Glycine has the ability to stimulate or inhibit neurons in the brain, allowing it to control complex functions. Researchers have taken a significant step toward understanding the regulation of glycine in the brain by unraveling the three-dimensional structure of the glycine transporter. These findings suggest that effective drugs that inhibit GlyT1 function could be developed, with significant implications for the treatment of schizophrenia and other mental disorders.
Glycine is the smallest amino acid and a protein building block, as well as a critical neurotransmitter that can both stimulate and inhibit neurons in the brain, controlling complex brain functions. Glycine transporters, which reuptake and clear glycine from synapses between neurons, mediate the termination of a glycine signal. Transporter of glycine GlyT1 is the primary regulator of neurotransmitter glycine levels in the brain, as well as in blood cells, where glycine is required for heme synthesis.
Glycine activates the N-methyl-D-aspartate (NMDA) receptor, and its poor performance has been linked to schizophrenia. Many pharmaceutical companies and academic research laboratories have thus focused on influencing glycinergic signaling and glycine reuptake delay as a means of activating the NMDA receptor in search of a cure for schizophrenia and other psychiatric disorders over the last two decades.
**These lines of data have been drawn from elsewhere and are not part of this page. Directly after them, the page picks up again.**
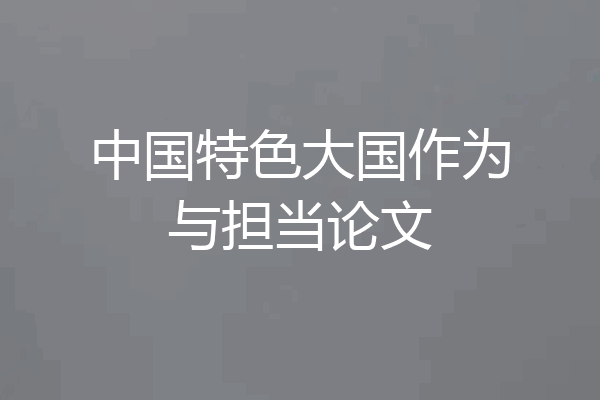中国特色大国作为与担当论文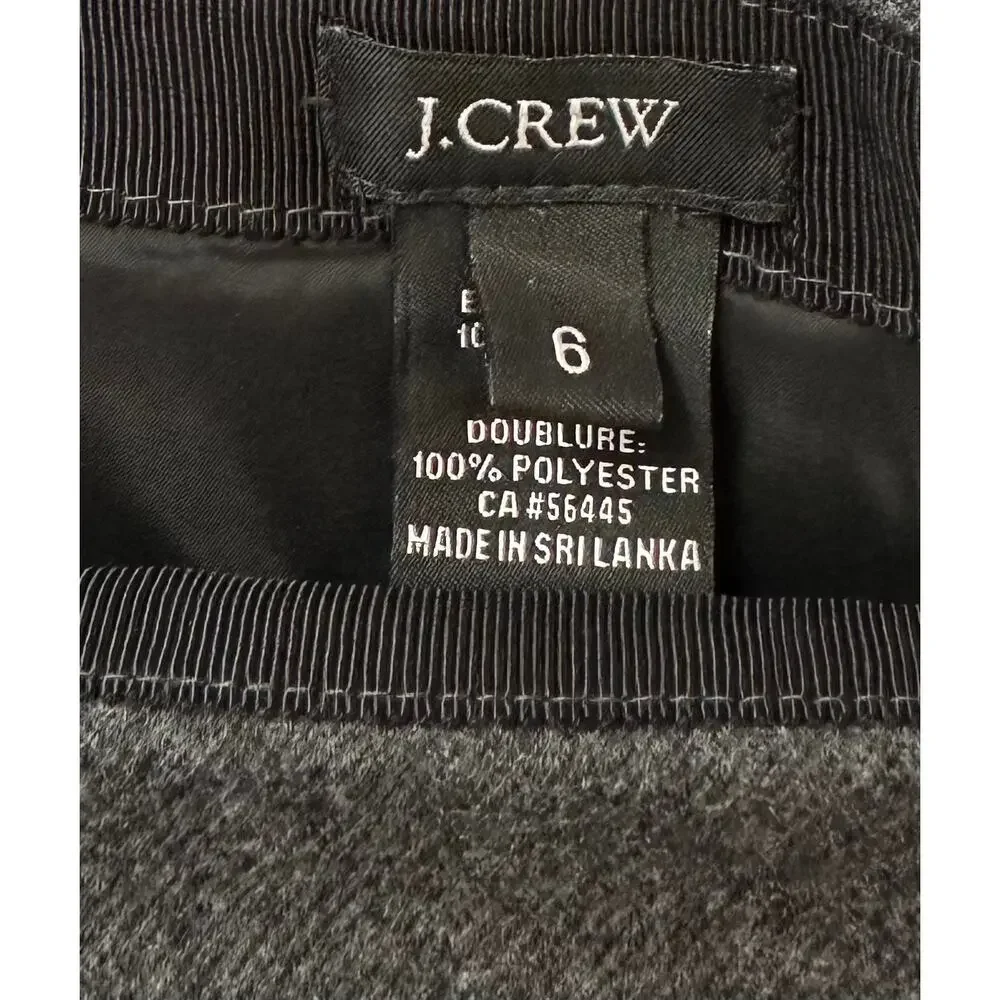 J. Crew Double Serge Pure Wool No 2 Pencil Skirt Gray 47314 Size 6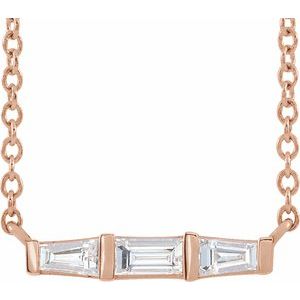 Ladies Natural Diamond Bar Necklace (SI2-SI3, GHI) — 14K Rose Gold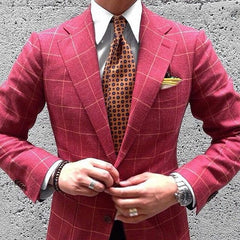Mens Vintage Plaid Suits British Style Men Slim Fit Tuxedos Notch Lapel Groomsmen Wedding Blazer For Men Tuxedos(jacket+pant) voguable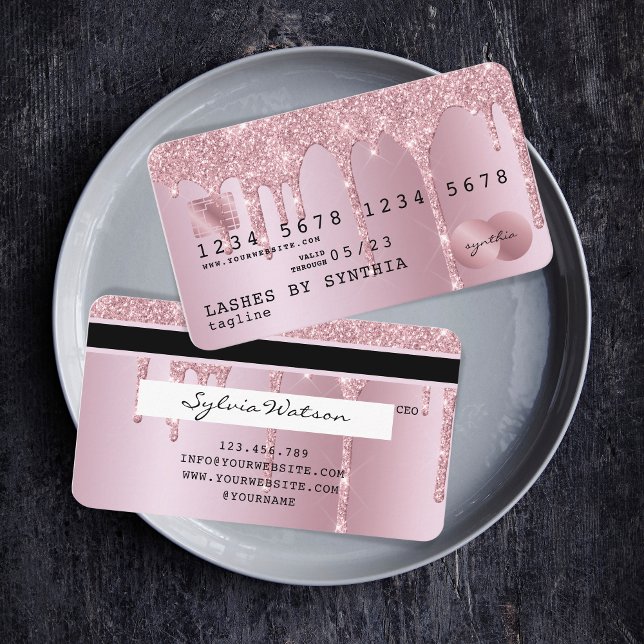 Visite Carte de crédit fille Rose stylisé Gold Driving Go (Créateur téléchargé)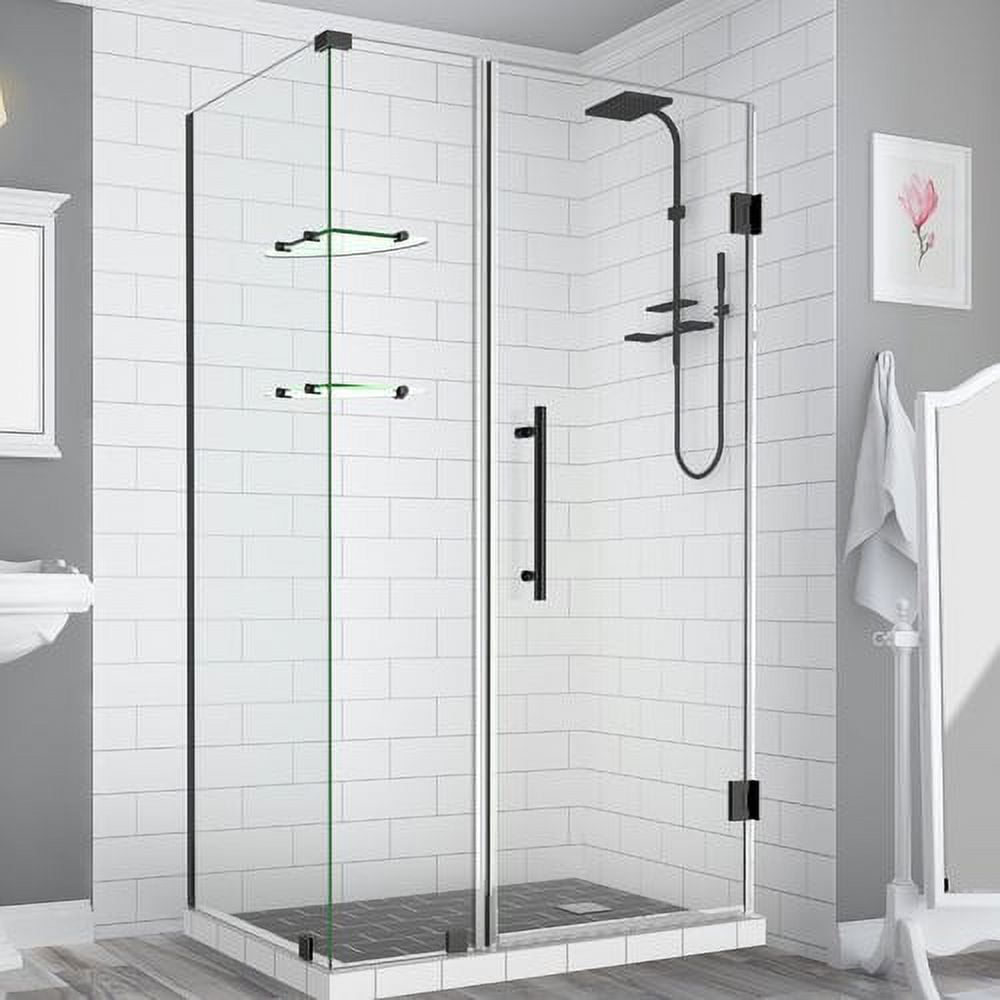 Bromley Frameless Corner Hinged Shower Enclosure - Oil Rubbed Bronze - 72 x 36 x 32.38 in.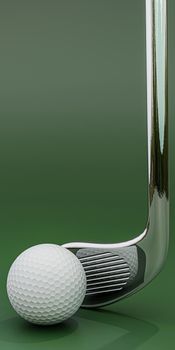 golf club isolated on green background 3d illustration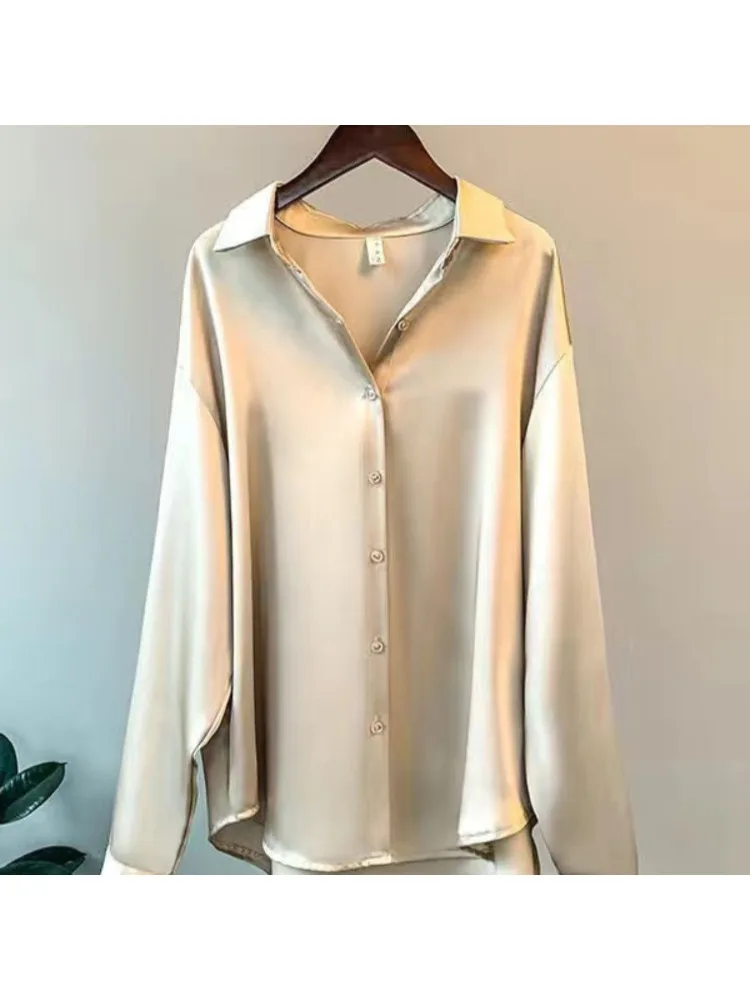Plus Size Casual Women Silk Sh - Silk Blouse ulasan dan harga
Glycine transporters, which reuptake and clear glycine from synapses between neurons, mediate the termination of a glycine signal. Transporter of glycine GlyT1 is the primary regulator of neurotransmitter glycine levels in the brain, as well as in blood cells, where glycine is required for heme synthesis.Azadeh Shahsavar
Indeed, several potent and selective GlyT1 inhibitors have antipsychotic and pro-cognitive effects that alleviate many symptoms of schizophrenia and have progressed into clinical trials. However, a viable drug candidate has yet to emerge, and GlyT1 inhibition in blood cells raises concerns about potential side effects. Insight into the structure of inhibitor binding to GlyT1 would aid in the discovery of new drug design strategies.
To better understand the three-dimensional structure and inhibition mechanisms of the GlyT1 transporter, researchers from Roche and Linkster, as well as the European Molecular Biology Laboratory (EMBL) Hamburg, University of Zurich, and Aarhus University, have collaborated on the investigation of one of the most advanced GlyT1 inhibitors. The researchers were able to grow microcrystals of the inhibited GlyT1 complex using a synthetic single-domain antibody for GlyT1.
Using X-ray diffraction data from hundreds of microcrystals, the team led by Assistant Professor Azadeh Shahsavar and Professor Poul Nissen from the Department of Molecular Biology and Genetics/DANDRITE, Aarhus University, determined the structure of human GlyT1 using a Serial Synchrotron Crystallography (SSX) approach. The SSX method is particularly well-suited as a method for developing new, powerful X-ray sources, and it opens up new avenues for, among other things, drug development for a variety of applications.
The researchers tested 960 different conditions and were successful in obtaining GlyT1 crystals in one of them. “The crystals were extremely small and difficult to visualize.” “We chose to measure them at EMBL Hamburg’s beamline P14 because it is well suited for difficult experiments like this one,” Azadeh says. The X-ray beam at P14 is particularly strong and focused, and its equipment is designed to work with crystals as small as micrometers. However, the quality of the crystals varied, making data collection difficult. Azadeh’s perseverance eventually paid off. “I recall the first time I saw the inhibitor’s electron density. I was so excited, I couldn’t sleep for two nights,” she says. “You live for those rewarding moments.”
The structure was published in the prestigious scientific journal Nature, and it reveals a new inhibition mechanism in neurotransmitter transporters in general. Mechanisms for inhibiting the serotonin transporter (which has many similarities to GlyT1) with antidepressant drugs have previously been discovered, but a completely different inhibition mechanism for GlyT1 has now been discovered.
It provides a foundation for the future development of small molecules and antibodies as selective inhibitors of GlyT1, as well as new ideas for the development of inhibitors of other neurotransmitter carriers that can be used to treat other mental disorders. Azadeh Shahsavar’s research team will continue to look into GlyT1’s function and inhibition, as well as the effects of GlyT1 inhibitors in the body.
GlyT1 proved particularly difficult to study because it is unstable when extracted from the cell membrane. Scientists combined several approaches to stabilize it, such as creating more stable variants of the protein. To capture the transporter in a clinically relevant state, the researchers used a Roche-created chemical that binds and stabilizes GlyT1 from the inside, as well as a synthetic mini-antibody (sybody) that binds it from the outside.